September 28, 2006|From the Associated Press

A federal judge dismissed a major portion of Advanced Micro Devices Inc.'s antitrust lawsuit against archrival Intel Corp., ruling that AMD cannot sue in the U.S. for Intel's alleged monopolistic tactics overseas.

The judge also set a trial date of April 27, 2009, for AMD to argue that Intel forced major customers into exclusive deals and offered secret rebates to undercut AMD in the market for microprocessors, which act as the brains of computers.

U.S. District Judge Joseph J. Farnan Jr. in Wilmington, Del., set the trial date Wednesday, a day after stripping a key component from AMD's lawsuit, which alleges anti-competitive practices in several countries including Britain, Germany and Japan.

On Tuesday, Farnan ruled that AMD failed to prove that Intel's alleged strong-arm tactics abroad had "direct, substantial and foreseeable effects" on AMD's operations in the U.S.

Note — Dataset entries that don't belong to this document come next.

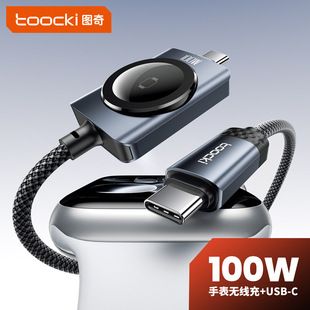 کابل شارژ دوکاره Toocki 100 وات USB-C و لایتنینگ با مگنت ساعت اپل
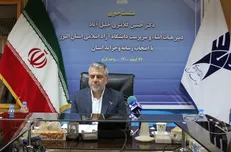 اولین دانشکده بین المللی در کرج راه اندازی می شود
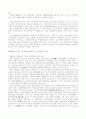 우리나라의 독립운동의 시대별 특징과 의의 4페이지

Santa Clara, Calif.-based Intel, the world's largest computer chip maker, argued that AMD should not be able to sue in the U.S. for alleged lost sales of microprocessors that were made and sold in other countries. It also argued that part of AMD's case should be dismissed because AMD was seeking redress abroad for "foreign commerce claims."

Sunnyvale, Calif.-based AMD, which filed its lawsuit in June 2005, maintains that the market for microprocessors is global and that Intel's conduct domestically and abroad are inextricably linked.

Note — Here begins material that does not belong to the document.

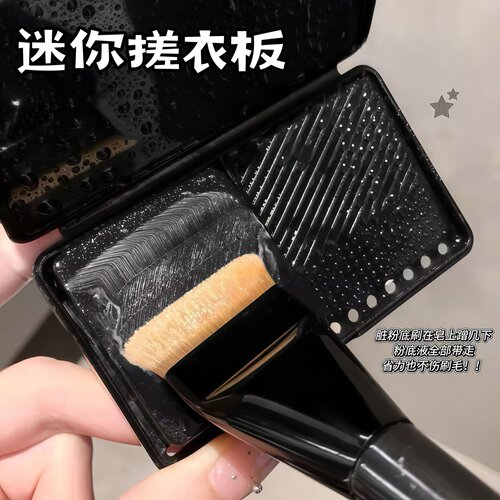 迷你洗刷化妆刷清洁盒皂除螨神器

The ruling was a big win for Intel, but much of the case remains intact.

"We are pleased that the judge understood and agreed with our argument and analysis of the law," said Intel spokesman Chuck Mulloy. "Nonetheless, we plan to vigorously defend ourselves on the remaining portions of this case."

AMD has not decided whether to appeal the ruling, company spokesman Michael Silverman said.

"Intel cannot escape antitrust scrutiny for its conduct," said Tom McCoy, AMD's executive vice president for legal affairs. "As this U.S. litigation is joined by global antitrust investigations, it is clear that Intel cannot escape the consequences of its illegal monopoly abuses."

Intel shares rose 43 cents to $20.39. AMD shares fell 67 cents to $25.32.